ASSIGNED TASK —
Each line from the one that holds "HIC Harold Import" to the end of the records is to be retyped exactly. Pictures are not part of the copy.

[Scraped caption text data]

>>>

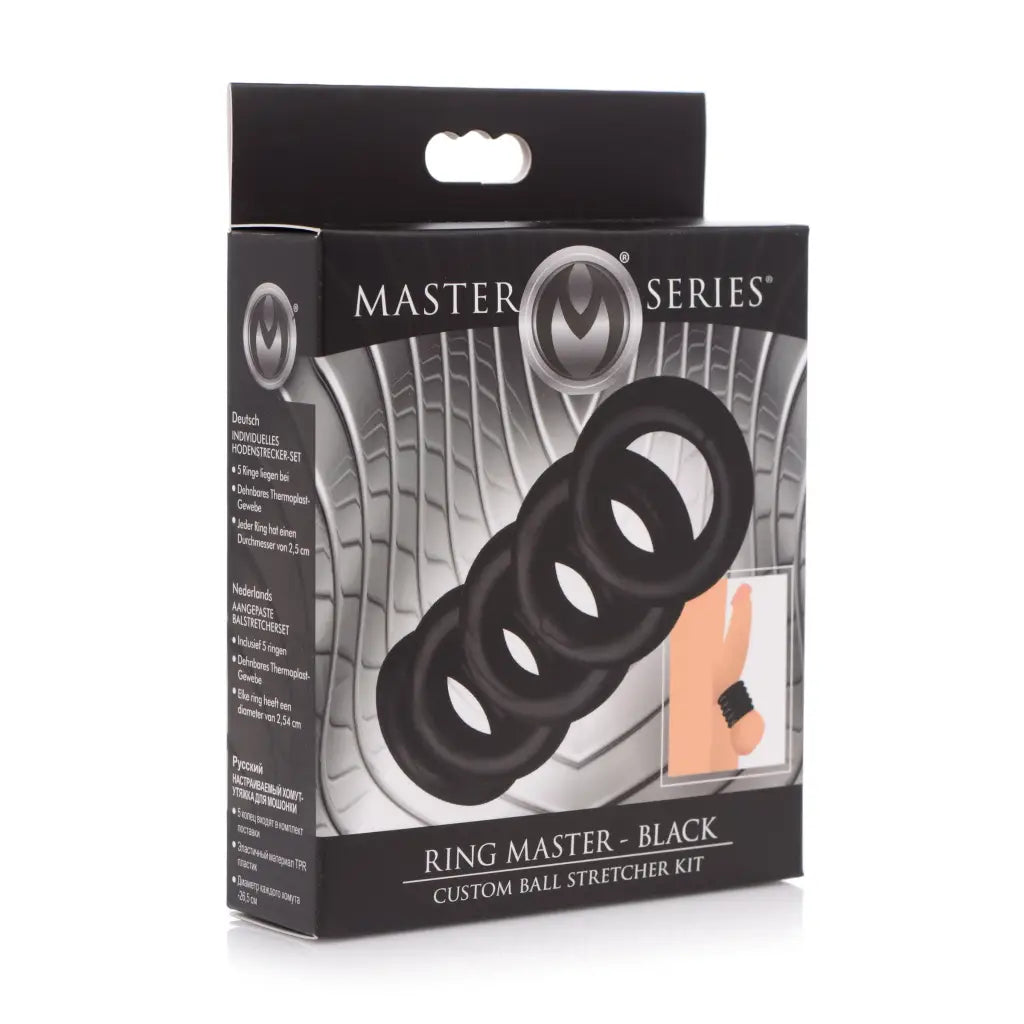 Master Series Ring Master Custom Ball Stretcher Kit - Black Silicone Rings Included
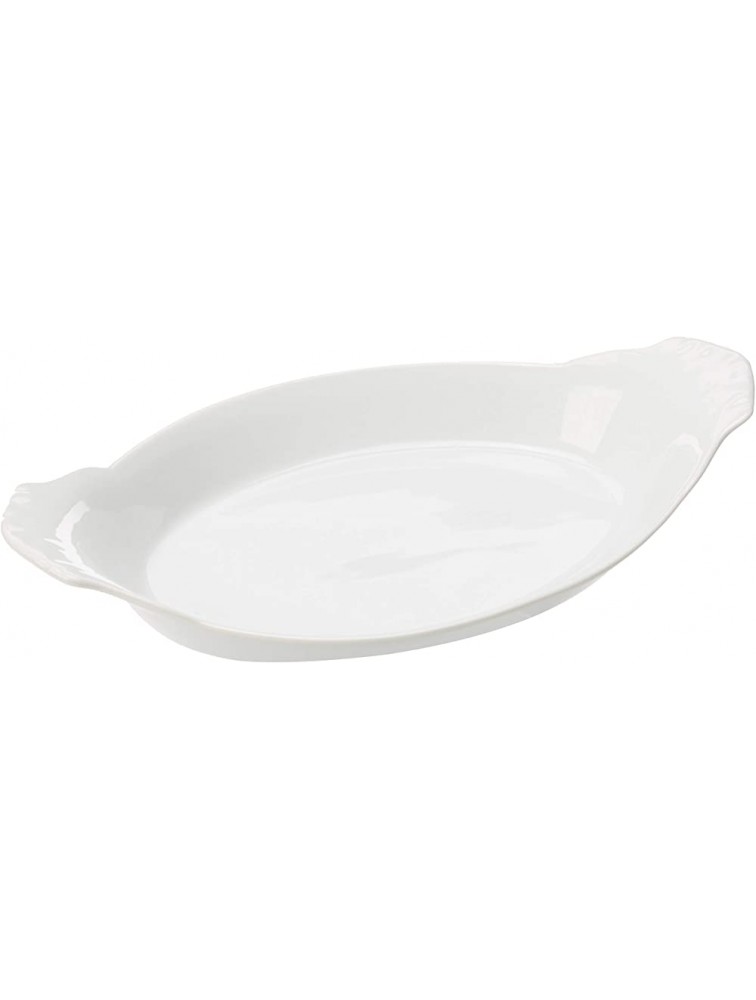 HIC Harold Import Co. Kitchen Oval Au Gratin Baking Dish Set Fine White Porcelain 10-Inch Set of 4 - B8L0Z9AHE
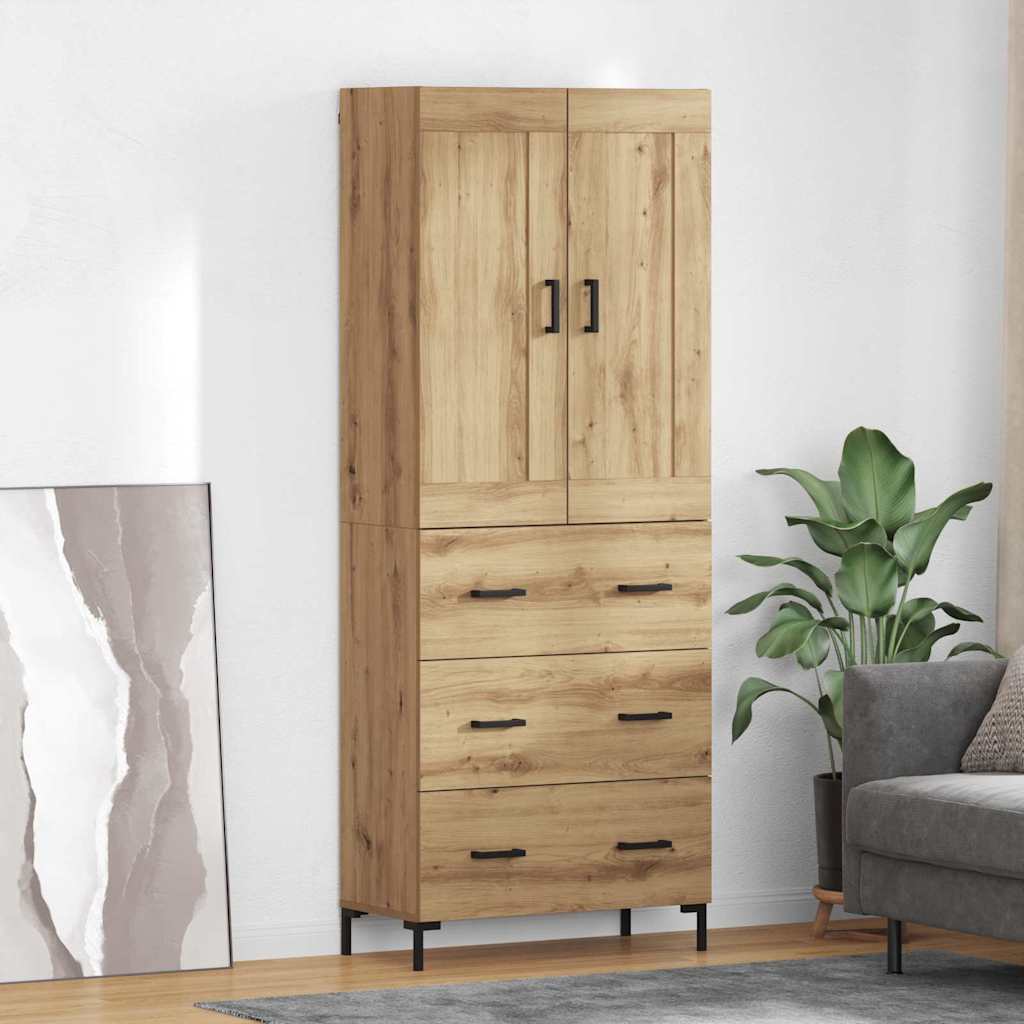 Haut Armoire avec tiroir Chêne artisanal 69,5 x 34 x 180 cm - XIOS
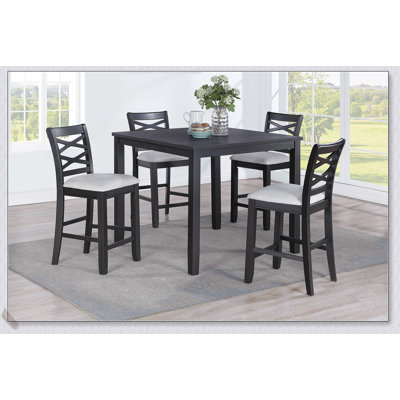Ensemble de salle à manger 5 pièces gris anthracite avec chaises à dossier en bois d'hévéa et table en bois spacieuse pour les maisons modernes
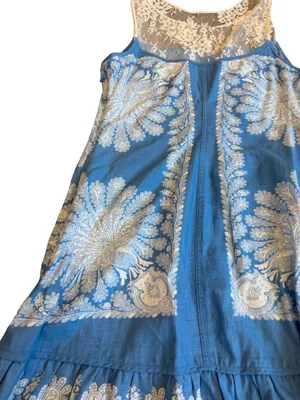 Free People Blue Ivory Paisley Lace Yoke Shift Dress Boho Mini Size 4 Women's thumbnail 9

<<<

TASK RESULT —
 HIC Harold Import Co. Kitchen Oval Au Gratin Baking Dish Set Fine White Porcelain 10-Inch Set of 4 - B8L0Z9AHE
 Haut Armoire avec tiroir Chêne artisanal 69,5 x 34 x 180 cm - XIOS
Ensemble de salle à manger 5 pièces gris anthracite avec chaises à dossier en bois d'hévéa et table en bois spacieuse pour les maisons modernes
 Free People Blue Ivory Paisley Lace Yoke Shift Dress Boho Mini Size 4 Women's thumbnail 9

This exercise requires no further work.